Delante de la comitiva iba abriendo paso la banda de guerra al golpeteo de las baquetas sobre los cueros tensados de los tambores. De vez en cuando gritaban sus cornetas. Enseguida, marchando a paso sincronizado de “un dos, un dos”, la guardia de mujeres, todas uniformadas de falda y saco de color azul marino con blusa blanca, y en sus manos guantes de tela blanca; ellas eran de todas las edades, desde niñas hasta adultas y alguna que otra atrevida viejita. Varias banderas y pendones como gigantes despeinados por el aire. La guardia de hombres jalaba las dos sogas para dar tracción a la troca que tenía su motor apagado y la parte de carga descubierta. Ahí, en la parte de atrás, un altar, y en la parte superior del altar, “a Generala”, título concedido a la Virgen de Zapopan. La pequeña imagen de la Virgen casi se perdía entre una pradera de flores. Delante de la troca caminaban con sus hábitos de sayal café los hijos más jóvenes de San Francisco; los viejos o de mayor rango clerical en la cabina de la troca, o atrás en la plataforma. También iban algunos sacerdotes del clero secular. Después del carro de la Virgen, venían los danzantes, y muchos jinetes en sus caballos. Era mucho esfuerzo para unos diez minutos que tardaba en pasar la larga comitiva con la imagen de la Virgen, pero la devoción de los tapatíos justificaba el esfuerzo realizado. En esa tumultuosa romería, siempre algún niño se perdía y siempre sus papás lo encontraban. En cambio, los tres venaditos Vázquez, siempre a la vista de su papá, nunca nos perdimos.
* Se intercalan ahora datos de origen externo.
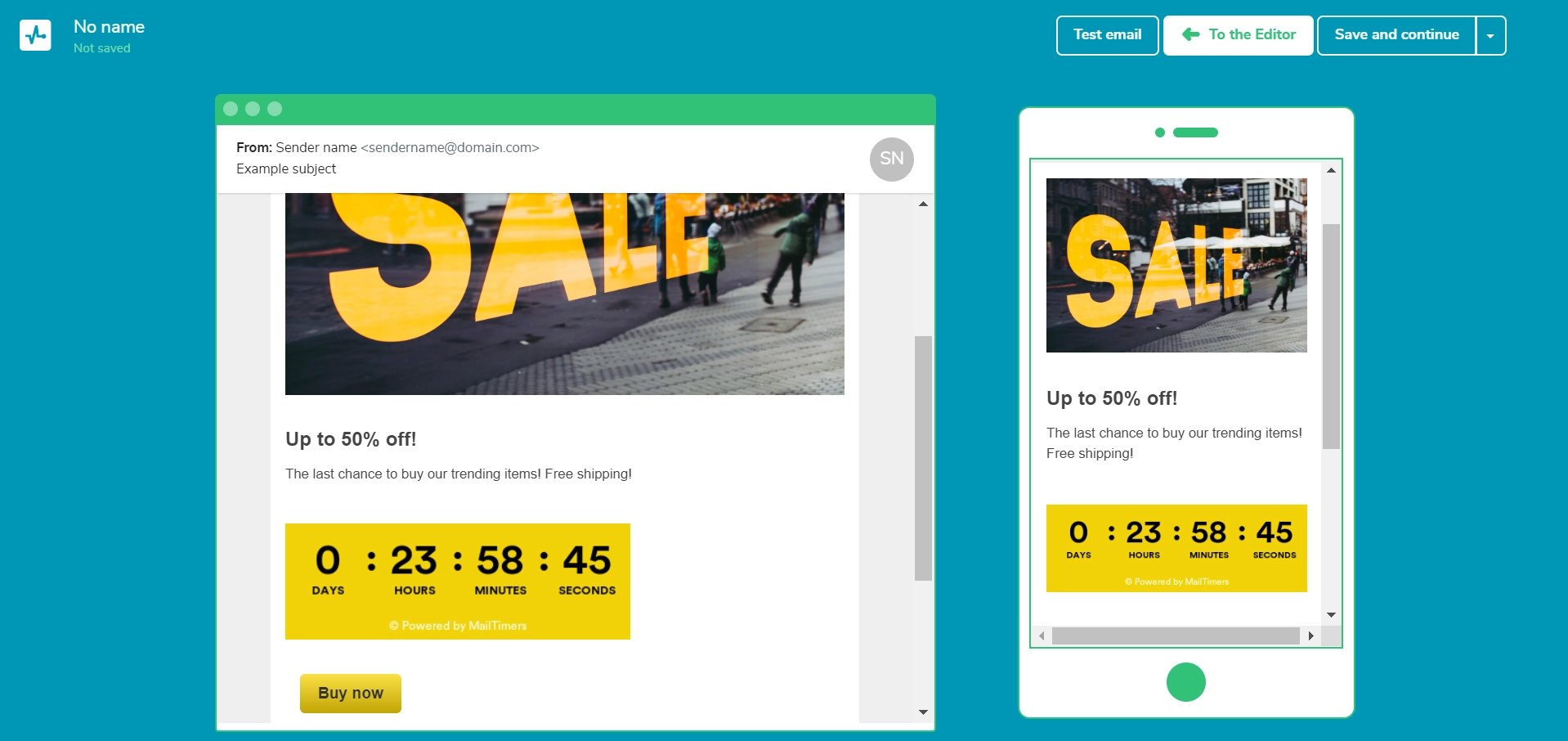 compte à rebours d'e-mail ajouté à un modèle email countdown timer added to a template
Desde la presa de Zoquipan, a distancia de un kilómetro, al poniente, en lo alto de la loma, se asentaba la Villa de Zapopan, sobresaliendo las dos torres de la basílica, y sus campanas se agitaban haciendo señales de saludos. Los cohetones al aire pregonaban la llegada de la venerada imagen de la Virgen a su propia casa. Flotaba una aureola de palomas espantadas por los truenos, todas circulaban los aires en perfecta sincronía alrededor de los campanarios.
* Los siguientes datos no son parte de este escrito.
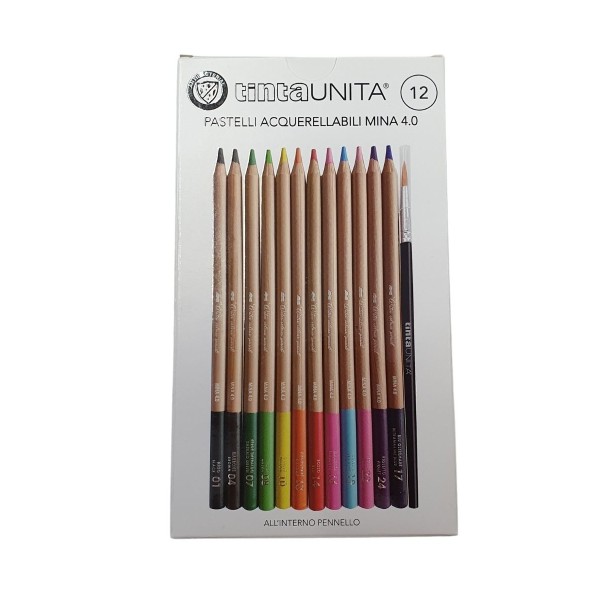 PASTELLI ACQUERELLABILI MINA 4,0 12 COLOR TINTA...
Una vez que pasó la Virgen donde nosotros estábamos, entonces sobre el terreno yermo, los tres hermanitos Vázquez corríamos en las orillas de la presa de Zoquipan. Mi padre, sentado a la sombra de un árbol, disfrutaba de la felicidad de sus hijos. Parecíamos incansables venaditos; pero no, a eso de la una de la tarde, el sol ya estaba en todo lo alto, era la hora de iniciar el tortuoso regreso. En ese lugar donde estábamos no pasaba el transporte público, debido a los romeros que se amontonaban en toda la carretera. Teníamos que caminar pie a suelo para el regreso hasta la calle de Mezquitán, donde llegaban los camiones.

“¡Papá tengo sed, papá tengo sed1”, éramos un coro de tres niños. Ni una llave de agua, ni una soda o refresco, el despiadado sol nos castigaba. Después de unos dos o tres kilómetros y una larga fila logramos subirnos al camión que nos llevaría hasta nuestro barrio de Analco. Por fin ya veníamos de regreso. Sudados, los venaditos estaban exangües. El más chico, Jorge, dormido en la banca del camión. Llegamos a casa y mi mamá, Lolita, mimó a sus venaditos: primero, a empanzarse de agua azucarada con jugo de limón; luego, a comer, y después a dormir un rato por la tarde, y el dormirnos no lo hacíamos por gusto, era por mera necesidad física: los venaditos cansados y desvelados no daban para más.

Esta historia es idéntica a muchas otras historias de tapatíos de esos tiempos de la década de 1950 y también es parecida esta historia a la de los tapatíos de los tiempos actuales. Visiones difuminadas por el tiempo, y hoy que tengo los 65 años en este año de 2015, sólo son recuerdos, recuerdos de mi infancia. Pero hoy me pregunto: ¿dónde está mi mamá, Lolita?, ¿dónde está mi papá, Federico?, ¿y dónde están mis dos hermanos menores, Fernando y Jorge? Todos ya están fallecidos. Ellos ya no pueden dar testimonio de una tradición llena de religiosidad y folclore. Pero yo estoy aquí, hasta hoy presente, y doy constancia de una “llevada de la Virgen de Zapopan” para las generaciones venideras.

Yo, Federico, el Poeta de Analco.



1 El texto fue gentilmente cedido por su autor para publicarse en este Boletín.